Ever wondered how fast the fastest computer on Earth is? Well wonder no more because the latest edition of the Top 500supercomputers was published earlier this week. Thanks to this list we can see that the fastest (publicly announced) computer in the world is currently an American system called Jaguar. Jaguar currently consists of 37,376 six-core AMD Istanbul processors and has a speed of 1.75 petaflops as measured by the Linpack benchmarks. According to the BBC, a computation that takes Jaguar a day would keep a standard desktop PC busy for 100 years.

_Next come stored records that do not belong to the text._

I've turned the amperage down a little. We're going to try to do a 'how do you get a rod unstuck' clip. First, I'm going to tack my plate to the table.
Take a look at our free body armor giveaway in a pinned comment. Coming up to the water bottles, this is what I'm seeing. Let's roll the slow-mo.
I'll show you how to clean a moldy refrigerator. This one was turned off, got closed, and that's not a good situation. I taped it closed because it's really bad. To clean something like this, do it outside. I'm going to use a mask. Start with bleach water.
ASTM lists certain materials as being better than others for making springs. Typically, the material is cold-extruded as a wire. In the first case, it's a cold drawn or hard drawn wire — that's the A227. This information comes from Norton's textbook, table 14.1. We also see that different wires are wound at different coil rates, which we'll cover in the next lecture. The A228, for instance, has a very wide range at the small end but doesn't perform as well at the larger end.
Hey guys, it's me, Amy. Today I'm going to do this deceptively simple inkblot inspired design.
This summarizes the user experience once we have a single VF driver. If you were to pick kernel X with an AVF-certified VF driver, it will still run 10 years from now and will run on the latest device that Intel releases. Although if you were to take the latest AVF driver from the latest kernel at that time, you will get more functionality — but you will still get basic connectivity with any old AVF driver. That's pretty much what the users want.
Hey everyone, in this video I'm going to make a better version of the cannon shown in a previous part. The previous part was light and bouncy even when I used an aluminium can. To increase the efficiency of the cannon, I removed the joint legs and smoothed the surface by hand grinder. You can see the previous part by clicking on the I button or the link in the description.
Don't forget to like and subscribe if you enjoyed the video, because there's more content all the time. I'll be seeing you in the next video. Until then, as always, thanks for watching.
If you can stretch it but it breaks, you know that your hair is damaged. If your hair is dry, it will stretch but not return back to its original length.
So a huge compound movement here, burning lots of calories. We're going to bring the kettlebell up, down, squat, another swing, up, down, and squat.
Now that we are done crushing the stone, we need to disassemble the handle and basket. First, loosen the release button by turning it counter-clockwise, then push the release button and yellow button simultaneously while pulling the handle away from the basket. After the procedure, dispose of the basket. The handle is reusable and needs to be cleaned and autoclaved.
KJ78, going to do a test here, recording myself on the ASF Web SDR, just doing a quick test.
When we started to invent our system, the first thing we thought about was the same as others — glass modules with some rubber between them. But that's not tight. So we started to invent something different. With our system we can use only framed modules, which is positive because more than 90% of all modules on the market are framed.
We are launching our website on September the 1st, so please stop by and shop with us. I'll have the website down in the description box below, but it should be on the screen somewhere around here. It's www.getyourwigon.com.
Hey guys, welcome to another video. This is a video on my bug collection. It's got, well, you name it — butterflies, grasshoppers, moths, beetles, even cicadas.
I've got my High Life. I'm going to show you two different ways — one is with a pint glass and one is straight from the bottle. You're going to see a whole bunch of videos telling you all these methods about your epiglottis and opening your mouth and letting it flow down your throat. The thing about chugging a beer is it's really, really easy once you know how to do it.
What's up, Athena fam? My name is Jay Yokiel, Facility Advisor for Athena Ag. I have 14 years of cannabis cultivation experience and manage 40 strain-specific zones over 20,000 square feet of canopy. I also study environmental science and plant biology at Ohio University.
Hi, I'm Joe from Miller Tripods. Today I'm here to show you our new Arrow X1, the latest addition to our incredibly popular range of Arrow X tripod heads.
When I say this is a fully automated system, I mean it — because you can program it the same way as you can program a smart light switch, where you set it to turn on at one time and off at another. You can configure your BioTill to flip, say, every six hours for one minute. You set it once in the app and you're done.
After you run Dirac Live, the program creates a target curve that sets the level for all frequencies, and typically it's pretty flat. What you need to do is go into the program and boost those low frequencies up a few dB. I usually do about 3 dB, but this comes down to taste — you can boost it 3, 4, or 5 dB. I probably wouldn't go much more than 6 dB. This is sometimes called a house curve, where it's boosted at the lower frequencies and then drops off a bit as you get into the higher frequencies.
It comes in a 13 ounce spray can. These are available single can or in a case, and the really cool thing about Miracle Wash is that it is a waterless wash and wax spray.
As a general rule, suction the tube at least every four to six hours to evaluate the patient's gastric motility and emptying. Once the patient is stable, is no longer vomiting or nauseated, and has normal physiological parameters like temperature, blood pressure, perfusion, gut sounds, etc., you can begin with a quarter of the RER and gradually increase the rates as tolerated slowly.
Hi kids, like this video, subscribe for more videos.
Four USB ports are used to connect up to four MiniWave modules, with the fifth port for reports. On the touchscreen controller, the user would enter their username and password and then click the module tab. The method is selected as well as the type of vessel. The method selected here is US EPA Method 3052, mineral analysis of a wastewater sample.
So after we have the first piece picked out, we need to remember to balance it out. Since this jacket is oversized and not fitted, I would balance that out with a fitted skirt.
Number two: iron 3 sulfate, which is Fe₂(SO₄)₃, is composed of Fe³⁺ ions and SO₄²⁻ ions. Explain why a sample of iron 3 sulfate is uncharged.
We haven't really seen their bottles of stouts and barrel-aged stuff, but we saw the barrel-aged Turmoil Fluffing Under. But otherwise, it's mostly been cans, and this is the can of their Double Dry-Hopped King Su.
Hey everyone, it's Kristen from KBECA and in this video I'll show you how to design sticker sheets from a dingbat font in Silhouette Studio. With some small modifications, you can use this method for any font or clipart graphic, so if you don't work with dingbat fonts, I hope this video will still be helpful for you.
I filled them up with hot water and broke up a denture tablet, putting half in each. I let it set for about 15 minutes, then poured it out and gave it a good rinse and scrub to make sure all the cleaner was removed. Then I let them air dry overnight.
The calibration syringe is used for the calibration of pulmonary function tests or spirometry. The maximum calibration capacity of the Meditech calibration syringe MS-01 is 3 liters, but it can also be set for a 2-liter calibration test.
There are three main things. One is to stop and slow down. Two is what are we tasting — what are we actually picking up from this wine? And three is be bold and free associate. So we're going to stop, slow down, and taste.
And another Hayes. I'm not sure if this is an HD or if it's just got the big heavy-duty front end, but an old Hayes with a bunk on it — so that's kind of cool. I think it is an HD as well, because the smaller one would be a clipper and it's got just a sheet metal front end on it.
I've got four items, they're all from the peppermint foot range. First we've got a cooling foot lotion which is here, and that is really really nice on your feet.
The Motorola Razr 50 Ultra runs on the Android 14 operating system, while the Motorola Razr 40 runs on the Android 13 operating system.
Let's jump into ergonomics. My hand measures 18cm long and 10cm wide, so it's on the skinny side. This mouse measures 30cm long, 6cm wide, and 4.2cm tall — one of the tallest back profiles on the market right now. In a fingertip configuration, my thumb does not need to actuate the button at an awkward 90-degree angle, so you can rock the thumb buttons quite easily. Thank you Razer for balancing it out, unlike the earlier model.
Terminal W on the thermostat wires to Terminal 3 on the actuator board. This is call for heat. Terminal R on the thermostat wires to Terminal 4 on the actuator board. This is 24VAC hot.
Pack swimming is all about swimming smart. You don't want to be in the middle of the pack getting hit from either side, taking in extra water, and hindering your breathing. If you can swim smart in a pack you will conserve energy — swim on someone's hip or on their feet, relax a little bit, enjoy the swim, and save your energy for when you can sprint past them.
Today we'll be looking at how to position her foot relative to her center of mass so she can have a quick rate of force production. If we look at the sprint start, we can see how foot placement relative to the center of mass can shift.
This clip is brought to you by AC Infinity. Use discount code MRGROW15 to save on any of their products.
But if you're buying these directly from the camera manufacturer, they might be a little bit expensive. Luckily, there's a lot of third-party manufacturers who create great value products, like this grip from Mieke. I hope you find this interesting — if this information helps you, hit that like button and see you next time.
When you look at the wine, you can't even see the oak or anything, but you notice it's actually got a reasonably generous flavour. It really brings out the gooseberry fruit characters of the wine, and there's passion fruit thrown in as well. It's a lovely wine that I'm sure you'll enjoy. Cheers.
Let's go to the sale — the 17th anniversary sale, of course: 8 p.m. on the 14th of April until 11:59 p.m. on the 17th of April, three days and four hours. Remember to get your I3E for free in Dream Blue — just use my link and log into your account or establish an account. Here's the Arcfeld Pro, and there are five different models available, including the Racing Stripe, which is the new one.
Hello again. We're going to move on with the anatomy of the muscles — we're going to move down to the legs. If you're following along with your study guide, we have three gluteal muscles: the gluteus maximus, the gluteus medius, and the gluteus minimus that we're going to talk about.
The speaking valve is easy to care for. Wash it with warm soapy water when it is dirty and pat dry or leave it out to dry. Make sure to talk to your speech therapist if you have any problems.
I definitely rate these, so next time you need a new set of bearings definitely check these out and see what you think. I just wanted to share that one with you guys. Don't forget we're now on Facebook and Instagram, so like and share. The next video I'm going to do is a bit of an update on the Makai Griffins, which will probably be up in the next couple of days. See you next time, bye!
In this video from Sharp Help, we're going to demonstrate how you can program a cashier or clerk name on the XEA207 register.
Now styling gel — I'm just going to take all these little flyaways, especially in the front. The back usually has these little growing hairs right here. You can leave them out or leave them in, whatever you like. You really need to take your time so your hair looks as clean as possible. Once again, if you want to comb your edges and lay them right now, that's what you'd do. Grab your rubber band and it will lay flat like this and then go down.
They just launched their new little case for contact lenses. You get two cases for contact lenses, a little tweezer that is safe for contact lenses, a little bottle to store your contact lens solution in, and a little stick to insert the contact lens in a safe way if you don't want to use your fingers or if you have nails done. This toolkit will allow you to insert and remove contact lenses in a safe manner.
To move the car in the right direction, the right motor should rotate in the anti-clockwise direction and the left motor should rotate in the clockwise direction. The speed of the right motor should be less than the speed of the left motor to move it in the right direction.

Whichever way you look at it, Jaguar is a seriously quick piece of kit.
All this got me thinking….how fast is my mobile phone compared to these computational behemoths?
The key to answering this question lies with the Linpack benchmarks developed by Jack Dongarra back in 1979.  Wikipedia explains:
‘they [The Linpack benchmarks] measure how fast a computer solves a dense N by N system of linear equations Ax = b, which is a common task in engineering. The solution is obtained by Gaussian elimination with partial pivoting, with 2/3·N3 + 2·N2 floating point operations. The result is reported in millions of floating point operations per second (MFLOP/s).’
People have been using the Linpack benchmarks to measure the speed of computers for decades and so we can use the historical results to see just how far computers have come over the last thirty years or so.  Back in 1979, for example, the fastest computer on the block according to the N=100 Linpack benchmark was the Cray 1 supercomputer which had a measured speed of 3.4 Mflop/s per processor.
More recently, a Java version of the Linpack benchmark was developed and this was used by GreeneComputing to produce anAndroid version of the benchmark.

Linpack for Android

I installed the benchmark onto my trusty T-Mobile G2 (a rebadged HTC Hero, currently running Android 1.5) and on firing it up discovered that it tops out at around 2.3 Mflop/s which makes it around 66% as fast as a single processor on a 1979 Cray 1 supercomputer.  OK, so maybe that’s not particularly impressive but the very latest crop of Android phones are a different matter entirely.
According to the current Top 10 Android Linpack results, a tweaked Motorola Droid is capable of scoring 52 Mflop/s which is over 15 times faster than the 1979 Cray 1 CPU.  Put another way, if you transported that mobile phone back to 1987 then it would be on par with the processors in one of the fastest computers in the world of the time, the ETA 10-E, and they had to be cooled by liquid nitrogen.
Like all benchmarks, however, you need to take this one with a pinch of salt.  As explained on the Java Linpack page ‘This [the Java version of the] test is more a reflection of the state of the Java systems than of the floating point performance of the underlying processors.’ In other words, the underlying processors of our mobile phones are probably faster than these Java based tests imply.